I started writing one later[1], although I haven't touched it since 2016. It'd connect to your spotify account, instead.

Also, it seems Mark Zuckerberg was in the scene. He apparently wrote Darth Phader (a fader.) A fader would make your text in chats fade colors by injecting html to change the text color between each character. So, your text would start blue and fade to red further along in the message, then maybe go back to blue, it was all configurable in most of them.

Edit: I can't believe I left this out, but there's also a facebook group[2], Justin has a site with a lot of content about progs[3], and I recently stumbled on the AOL Underground Podcast[4].

[0]: https://progs.rexflex.net/

[1]: https://github.com/RexMorgan/qwik-tools

[2]: https://www.facebook.com/groups/297526060414740/

[3]: https://justinakapaste.com/

[4]: https://aolunderground.com/


Wow, very cool. I see at least 3 programs I wrote or helped with in the AIM section. I'll have to dig out my source code to see if any others are present. Definitely going to spin up a VM and see them run again. Thanks for this.


No problem, have fun.

You're going to run into issues with ocx files. You can search around for them online, but it's a real hassle downloading them to older versions of Windows because SSL support has moved on from what Windows 95/98/ME/2000 can handle.

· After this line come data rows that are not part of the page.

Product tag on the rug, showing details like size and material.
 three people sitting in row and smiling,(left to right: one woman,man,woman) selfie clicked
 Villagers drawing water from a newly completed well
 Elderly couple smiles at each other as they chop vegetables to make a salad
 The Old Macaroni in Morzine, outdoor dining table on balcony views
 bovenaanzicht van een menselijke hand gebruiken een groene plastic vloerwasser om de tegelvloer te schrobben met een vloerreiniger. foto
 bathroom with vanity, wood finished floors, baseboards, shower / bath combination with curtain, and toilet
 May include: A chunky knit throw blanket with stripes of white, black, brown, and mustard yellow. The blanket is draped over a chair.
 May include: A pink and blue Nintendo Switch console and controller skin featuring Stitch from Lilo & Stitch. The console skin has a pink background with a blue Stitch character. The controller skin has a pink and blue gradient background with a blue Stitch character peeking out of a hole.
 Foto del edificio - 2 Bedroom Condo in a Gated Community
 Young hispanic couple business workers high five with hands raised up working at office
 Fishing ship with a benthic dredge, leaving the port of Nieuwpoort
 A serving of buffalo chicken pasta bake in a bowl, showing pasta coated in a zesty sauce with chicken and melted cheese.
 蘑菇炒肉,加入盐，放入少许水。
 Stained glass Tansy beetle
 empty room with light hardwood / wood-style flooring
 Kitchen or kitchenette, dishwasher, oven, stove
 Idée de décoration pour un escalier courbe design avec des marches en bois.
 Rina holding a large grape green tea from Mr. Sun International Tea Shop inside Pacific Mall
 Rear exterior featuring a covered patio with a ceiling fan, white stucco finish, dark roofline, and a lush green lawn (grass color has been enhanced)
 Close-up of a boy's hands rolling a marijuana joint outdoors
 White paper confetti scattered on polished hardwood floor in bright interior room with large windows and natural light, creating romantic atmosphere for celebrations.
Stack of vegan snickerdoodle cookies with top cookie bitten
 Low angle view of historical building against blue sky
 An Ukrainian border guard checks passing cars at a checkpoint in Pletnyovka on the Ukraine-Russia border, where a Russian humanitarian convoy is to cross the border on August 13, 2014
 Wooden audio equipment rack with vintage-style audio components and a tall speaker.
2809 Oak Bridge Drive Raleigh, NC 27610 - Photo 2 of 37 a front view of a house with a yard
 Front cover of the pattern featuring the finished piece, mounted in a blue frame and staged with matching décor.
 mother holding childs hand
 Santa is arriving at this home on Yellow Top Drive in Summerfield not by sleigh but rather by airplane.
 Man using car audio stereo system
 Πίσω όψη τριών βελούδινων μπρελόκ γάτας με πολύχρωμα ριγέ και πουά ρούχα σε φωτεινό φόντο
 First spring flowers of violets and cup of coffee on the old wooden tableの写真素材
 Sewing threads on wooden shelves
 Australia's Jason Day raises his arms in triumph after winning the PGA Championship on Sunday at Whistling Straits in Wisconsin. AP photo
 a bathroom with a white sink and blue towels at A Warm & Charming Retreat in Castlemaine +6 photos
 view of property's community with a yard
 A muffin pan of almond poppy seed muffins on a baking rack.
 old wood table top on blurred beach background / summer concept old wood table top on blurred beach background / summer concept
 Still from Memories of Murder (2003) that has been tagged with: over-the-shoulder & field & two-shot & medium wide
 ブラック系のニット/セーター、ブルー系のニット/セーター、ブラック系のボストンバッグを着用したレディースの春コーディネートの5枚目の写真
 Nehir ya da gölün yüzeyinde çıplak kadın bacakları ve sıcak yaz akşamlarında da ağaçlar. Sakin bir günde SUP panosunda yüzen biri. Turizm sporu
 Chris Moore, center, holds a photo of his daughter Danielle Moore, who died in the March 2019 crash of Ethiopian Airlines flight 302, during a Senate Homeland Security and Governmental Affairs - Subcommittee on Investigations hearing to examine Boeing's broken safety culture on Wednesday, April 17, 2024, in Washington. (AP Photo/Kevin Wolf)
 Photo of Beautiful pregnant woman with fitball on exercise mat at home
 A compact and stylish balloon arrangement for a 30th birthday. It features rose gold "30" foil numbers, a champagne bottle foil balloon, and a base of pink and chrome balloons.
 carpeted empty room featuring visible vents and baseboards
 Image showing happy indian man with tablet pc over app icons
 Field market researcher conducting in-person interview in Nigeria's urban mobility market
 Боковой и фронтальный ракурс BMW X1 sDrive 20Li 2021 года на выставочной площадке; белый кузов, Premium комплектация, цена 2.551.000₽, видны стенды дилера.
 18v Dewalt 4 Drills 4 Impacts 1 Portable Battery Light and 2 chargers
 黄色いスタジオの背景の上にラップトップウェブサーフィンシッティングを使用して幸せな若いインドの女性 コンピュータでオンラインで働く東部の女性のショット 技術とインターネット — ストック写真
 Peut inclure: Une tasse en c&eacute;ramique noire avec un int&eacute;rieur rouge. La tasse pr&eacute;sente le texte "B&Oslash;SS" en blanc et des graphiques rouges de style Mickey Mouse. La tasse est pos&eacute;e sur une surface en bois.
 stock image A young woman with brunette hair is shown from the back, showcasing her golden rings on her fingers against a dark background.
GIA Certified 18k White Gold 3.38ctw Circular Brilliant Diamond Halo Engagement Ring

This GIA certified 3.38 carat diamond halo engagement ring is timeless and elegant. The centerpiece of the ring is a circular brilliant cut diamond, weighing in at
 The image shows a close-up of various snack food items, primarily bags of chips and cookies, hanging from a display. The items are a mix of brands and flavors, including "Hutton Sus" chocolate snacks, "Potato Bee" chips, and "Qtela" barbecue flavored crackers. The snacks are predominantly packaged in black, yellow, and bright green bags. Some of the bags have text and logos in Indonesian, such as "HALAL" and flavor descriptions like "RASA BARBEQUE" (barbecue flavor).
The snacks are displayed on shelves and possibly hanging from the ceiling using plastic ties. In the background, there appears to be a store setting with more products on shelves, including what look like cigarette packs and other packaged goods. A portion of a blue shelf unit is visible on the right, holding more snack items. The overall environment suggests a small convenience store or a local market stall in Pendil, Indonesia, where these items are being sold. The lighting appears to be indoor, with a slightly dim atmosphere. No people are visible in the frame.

I've found I can either hit the download without https from the Windows box, or copy them to an S3 bucket and use an http URL to download it out of the bucket.


Unbelievable! It looks like the prog I made in 6th grade is on there. Gotta download into a VM to make sure it’s mine and not someone using the same name. I’ll update this thread when I know.


I hated ccoms. Just flooded chat. Eventually chats would just be everyone shuffling through their list of 10K songs downloaded from Napster.


Yeah, 15 year old me was pretty blown away, though.

It was also a way to discover music from other people's curated collections. It exposed me to a lot of music I wouldn't have heard, otherwise.


I cannot believe you have subzero on there. I'm sure there are others of the same name, but I wrote one of them. I was a huge Mortal Kombat / SubZero fan (right - down - right - high punch). I may have the source code buried on some floppies in storage.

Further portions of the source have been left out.